Since the first demonstration of visually induced long-term potentiation-like effects using checkerboard stimulation by Kirk et al. and its methodological synthesis in their review, it has been debated whether pattern-reversal VEPs reflect plasticity at the full nominal reversal rate or effectively at half that rate due to alternating contrast polarity [10, 13]. More recent evidence suggests that each contrast change reliably elicits a cortical response at the full nominal frequency [43, 44]. To examine this directly, we analyzed VEPs elicited by transitions to black and to white separately within the low-frequency protocol. As shown in Supplementary Fig. S3, the two transitions produced virtually identical grand average VEPs in amplitude, latency, and topography, supporting the interpretation that each contrast change independently evokes a response at the full reversal frequency. The mean P1N1 amplitudes were highly similar (Type 1:10.91 ± 1.01 µV; Type 2:10.86 ± 1.05 µV; mean paired difference: 0.05 µV). Equivalence testing using the TOST procedure further confirmed statistical equivalence within the predefined margin of ± 0.5 µV (p-lower = 0.0005, p-upper = 0.0033; see Supplementary Fig. S3C).

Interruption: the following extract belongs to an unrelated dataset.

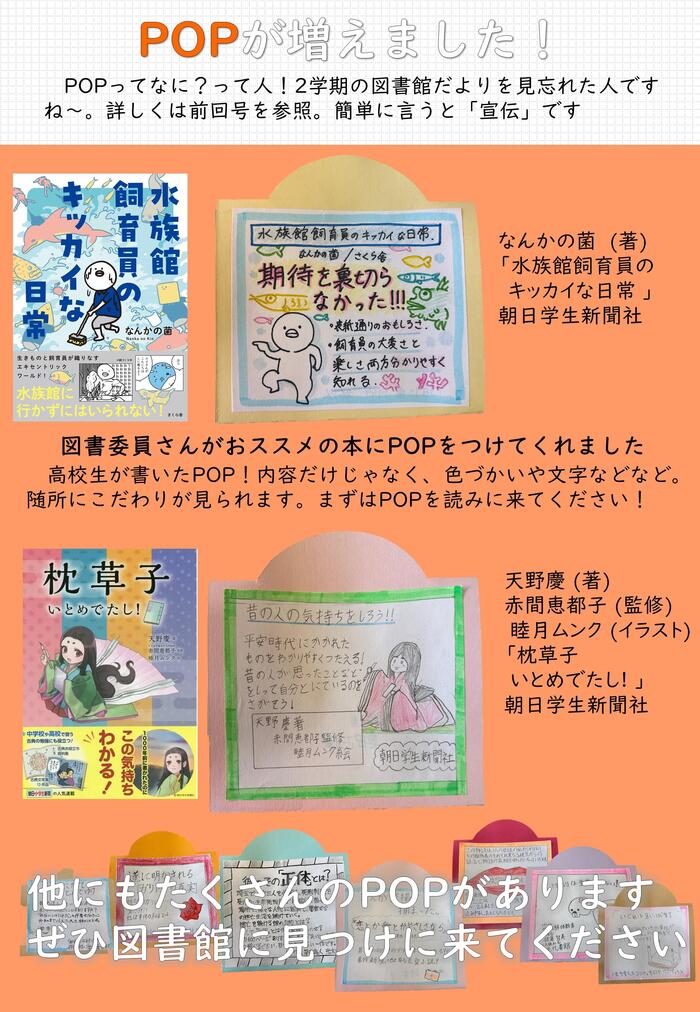 スライド5.JPG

Repeated low-frequency modulation induces sustained effects
The VEP signals obtained during the application of the repeated low-frequency protocol, shown in Fig. 2D, demonstrate changes in the P1N1 value in the early (2 min) and late postmodulation phases (Ø 22 and 28 min) compared to the value at baseline. The variance in the mean P1N1 values over time was statistically significant (F(3.973,121.2) = 1 1.65, p < 0.0001), and post hoc analysis revealed a significant increase in the P1N1 value at 2 min (2 min: mean difference = −5.331, p < 0.0001), 8 min (mean difference = −3.078, p = 0.0075), 12 min (mean difference = −2.696, p = 0.0465), and 22 min postmodulation (mean difference = −3.778, p = 0.0005). The reductions in the P1N1 value at 18 min (p = 0.0580) and 28 min (p = 0.0920) postmodulation were not statistically significant. These results indicate that the repeated low-frequency modulation protocol induced a significant and sustained increase in P1N1, which persisted until the time point typically associated with LTP (>20 min). Although numeric increases in P1N1 were observed at all time points, the effect gradually decreased, with significance differences from baseline observed only in the earlier phases of the observation period (Fig. 2F).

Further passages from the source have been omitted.